[Data records]

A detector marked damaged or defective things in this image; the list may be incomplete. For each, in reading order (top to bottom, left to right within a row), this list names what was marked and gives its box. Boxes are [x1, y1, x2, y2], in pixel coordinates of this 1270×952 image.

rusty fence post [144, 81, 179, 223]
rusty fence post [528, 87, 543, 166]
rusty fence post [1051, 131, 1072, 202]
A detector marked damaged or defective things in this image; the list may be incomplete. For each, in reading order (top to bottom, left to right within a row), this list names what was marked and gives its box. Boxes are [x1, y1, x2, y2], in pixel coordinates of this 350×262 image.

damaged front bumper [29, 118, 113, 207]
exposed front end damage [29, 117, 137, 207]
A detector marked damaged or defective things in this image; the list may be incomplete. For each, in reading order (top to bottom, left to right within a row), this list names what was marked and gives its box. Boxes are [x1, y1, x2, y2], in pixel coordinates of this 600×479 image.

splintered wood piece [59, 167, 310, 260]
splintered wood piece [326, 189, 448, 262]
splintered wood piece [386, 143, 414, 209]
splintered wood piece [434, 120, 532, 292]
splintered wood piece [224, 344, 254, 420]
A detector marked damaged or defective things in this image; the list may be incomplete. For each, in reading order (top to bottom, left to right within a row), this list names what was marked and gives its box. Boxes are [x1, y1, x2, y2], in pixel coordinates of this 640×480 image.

§ PROBLEM STATEMENT: Reproduce the records in full, exactly as written.

§ FINAL ANSWER:
A detector marked damaged or defective things in this image; the list may be incomplete. For each, in reading order (top to bottom, left to right within a row), this list names what was marked and gives its box. Boxes are [x1, y1, x2, y2], in pixel coordinates of this 1270×952 image.

rusty fence post [144, 81, 179, 223]
rusty fence post [528, 87, 543, 166]
rusty fence post [1051, 131, 1072, 202]
A detector marked damaged or defective things in this image; the list may be incomplete. For each, in reading order (top to bottom, left to right within a row), this list names what was marked and gives its box. Boxes are [x1, y1, x2, y2], in pixel coordinates of this 350×262 image.

damaged front bumper [29, 118, 113, 207]
exposed front end damage [29, 117, 137, 207]
A detector marked damaged or defective things in this image; the list may be incomplete. For each, in reading order (top to bottom, left to right within a row), this list names what was marked and gives its box. Boxes are [x1, y1, x2, y2], in pixel coordinates of this 600×479 image.

splintered wood piece [59, 167, 310, 260]
splintered wood piece [326, 189, 448, 262]
splintered wood piece [386, 143, 414, 209]
splintered wood piece [434, 120, 532, 292]
splintered wood piece [224, 344, 254, 420]
A detector marked damaged or defective things in this image; the list may be incomplete. For each, in reading order (top to bottom, left to right within a row), this list names what was marked and gives its box. Boxes are [x1, y1, x2, y2], in pixel coordinates of this 640×480 image.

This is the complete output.